Minor typos: Line 238 - 239: In the definition of \epsilon_2(n_1, n_2) on page 6 (between line 238 and 239), the quantity is undefined when n_2 = n, n_1 = 1. Is there a typo? Line 302: \Delta \geq \tau^{-\lambda^2} should be \Delta \geq \Theta(\tau^{-\lambda^2}) Line 424: The reference for Hoeffding inequality is missing. Suggested additional references: A. Garivier and E. Moulines, "On upper-confidence bound policies for non-stationary bandit problems" in Algorithm Learning Theory (ALT), ser. Lectures notes in Computer Science, vol. 6925, 2011 Comments: The proposed algorithm is novel in the sense that it actively detects if there is any change in the arms' distribution, which is quite different from the current literature, including the one above. Designing online algorithm that competes well against the dynamic benchmark is clearly an important topic in MAB, and the paper makes a major step by designing such an algorithm without knowing the variation budget. Indeed, previous works such as [1, 7] referred in the manuscript requires knowing the variation budget beforehand to tune the learning rate, and it is quite surprising that one can achieves a sublinear regret without the knowledge. Thus, I think this submission will be interesting to the MAB community. The paper is quite clearly written, given the level of technicality. Finally, what is the regret order bound with K arms?
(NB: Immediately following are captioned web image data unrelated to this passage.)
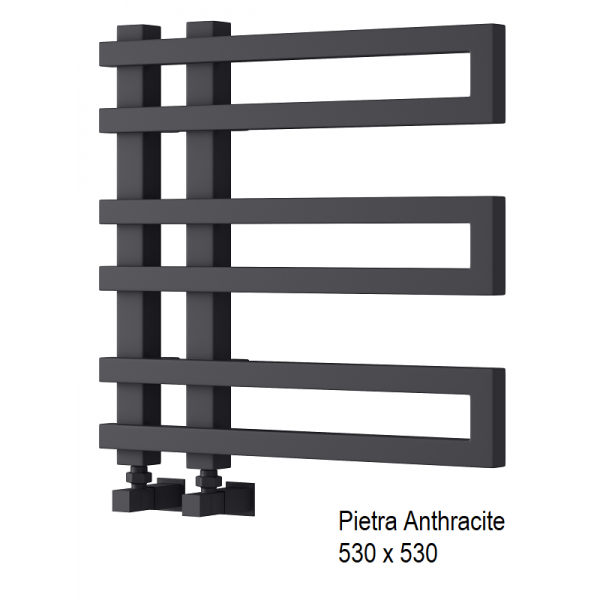 Pietra Towel Rail 530 x 530 - Anthracite Pietra Towel Rail 530 x 530 - Anthracite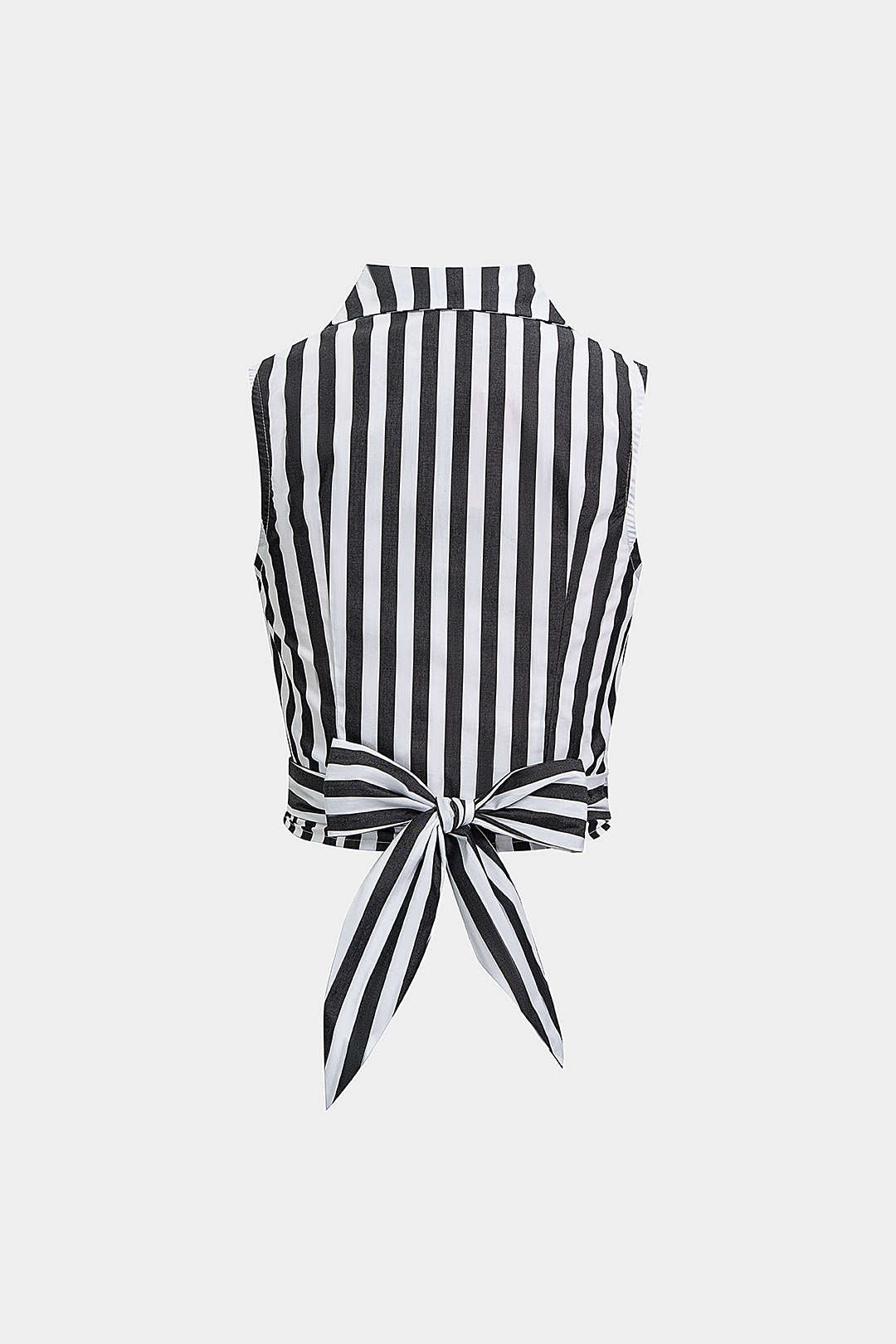 Gestreepte tanktop met revers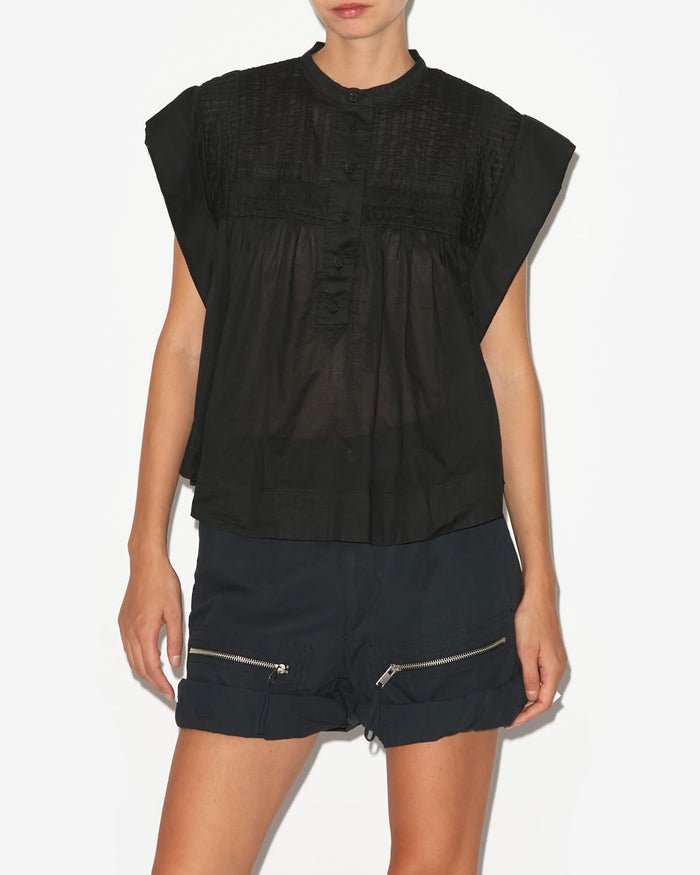 Isabel Marant Haut Leaza Femme Noir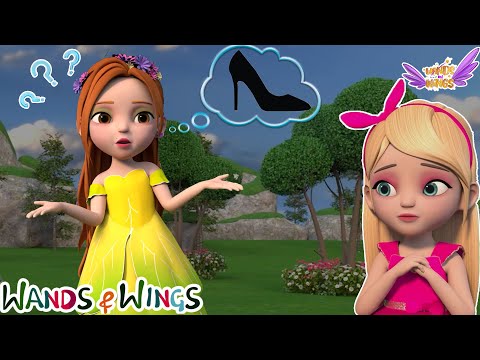 Princess Lost her Shoe | Where is Blossom's shoe? + Doll Dress Up | Kids Rhymes- Wands And Wings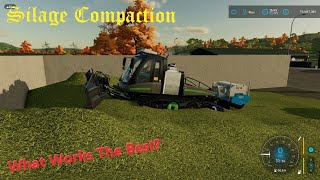 How To Compact Silage Quickly and Efficiently  Farming Simulator 22 [upl. by Enovad]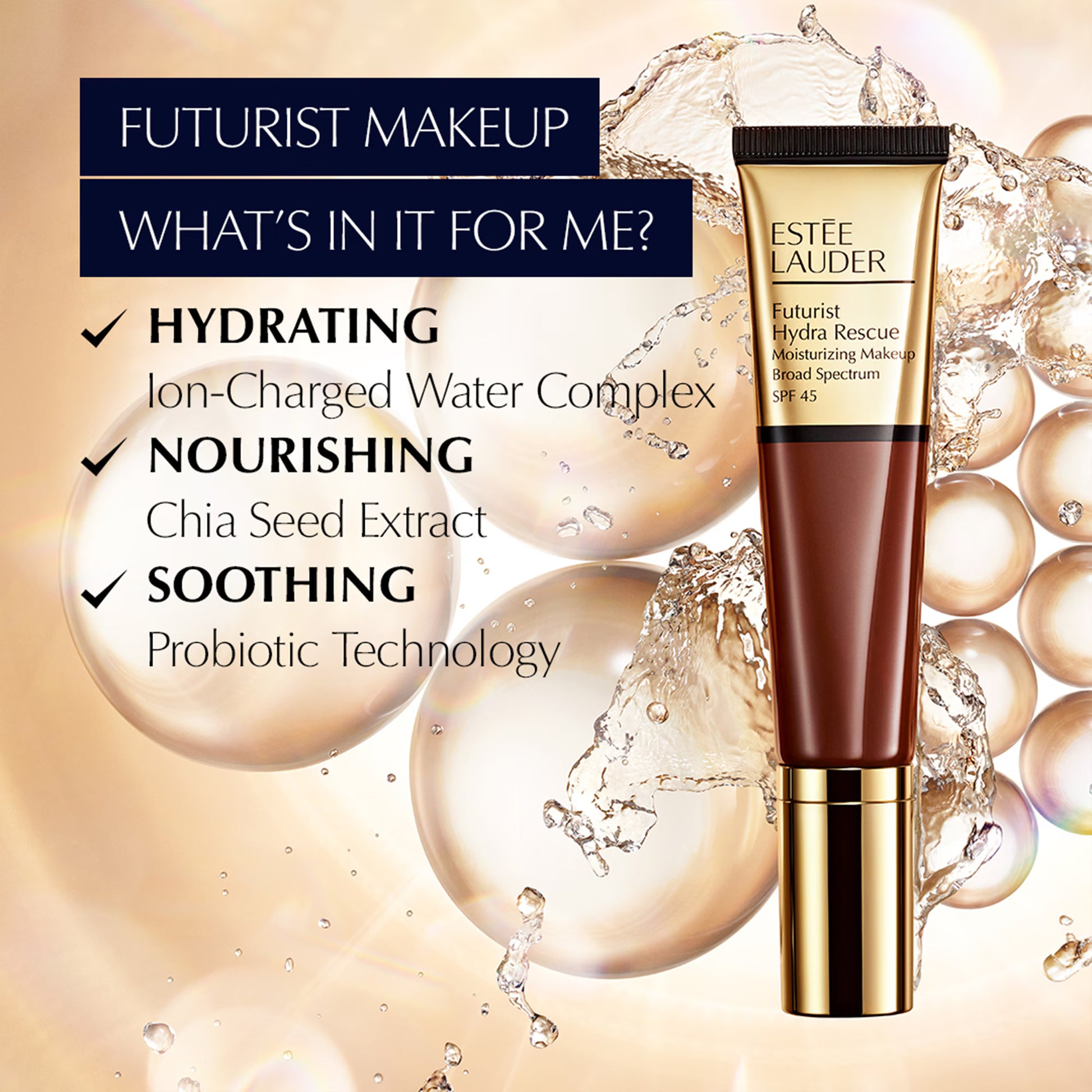 Estée Lauder Futurist Hydra Rescue с SPF 45 – оттенок 3C2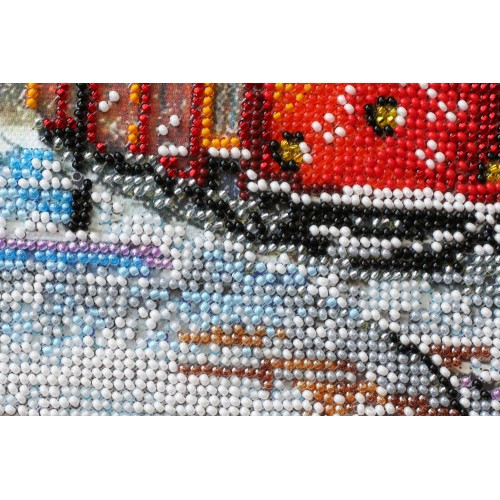 Mid-sized bead embroidery kit Tram of wishes (Landscapes), AMB-025 by Abris Art - buy online! ✿ Fast delivery ✿ Factory price ✿ Wholesale and retail ✿ Purchase Sets MIDI for beadwork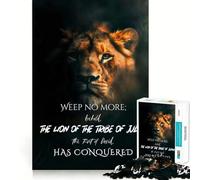 Lion of Judah Conquered Jigsaw for Teenagers1000 Pieces Brain Skill True Detail Pattern Assemble Christmas Idea (50x75cm)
2-Confident (read it all; understood it all reasonably well)

The paper tackles the adversarial bandit problem while competing with an optimal sequence of actions. The authors propose an algorithm with a regret bound scaling with a variation parameter. Their algorithm do not require any prior knowledge about the variation. They also propose an analyse a statistical test used to identify non-stationary within a sequence on independent random variables.

- The paper is well written and clear. - There are some weaknesses in the bibliography, switching-bandit algorithms with dependencies on the number of switches (EXP3.S is however cited[7]) and gaps between action's mean rewards being not described (Discounted UCB, Sliding Window UCB, EXP3 with reset). The detector of non-stationary has also some similarities with the SAO (Stochastic and Adversarial Optimal) algorithm that starts with a stationary algorithm and then switches to EXP3 if a non-stationarity is detected. - The proposed algorithm is well constructed and is a step-forward from the main reference [1]. While not having a major practical impact (has an high regret in stationary regime and in highly non-stationary regime, even if the best action does not change) it resolves and open problem and gives some closure the the analysis using the variation. - After the post rebuttal discussion, we agreed to rank this paper at poster level (5: 4->3).

2-Confident (read it all; understood it all reasonably well)